Supplied material
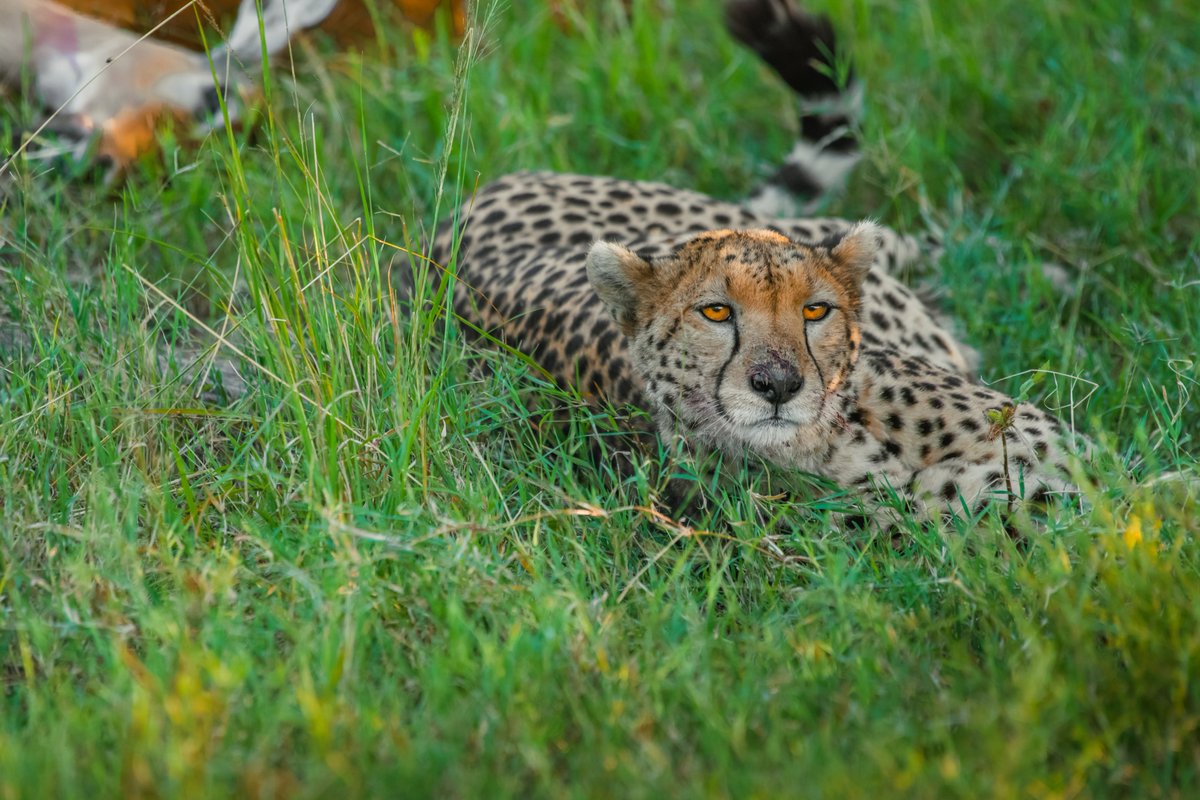 Kisaru the great mom. We will never see you again. Keep walking the heaven my girl
🐆 Masai Mara | Kenya
#kisaru #kenya #coloursofafrica #masaimara #bbcwildlife #maasaimara #animalpolis #cheetah #cheetahs #bownaankamal #jawsafarica #bigcatsofafrica #cheetahsofmasaimara #bigfive…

Task
Every line above has to be output exactly; the pictures must be dropped.

Result of the exercise
 Kisaru the great mom. We will never see you again. Keep walking the heaven my girl
🐆 Masai Mara | Kenya
#kisaru #kenya #coloursofafrica #masaimara #bbcwildlife #maasaimara #animalpolis #cheetah #cheetahs #bownaankamal #jawsafarica #bigcatsofafrica #cheetahsofmasaimara #bigfive…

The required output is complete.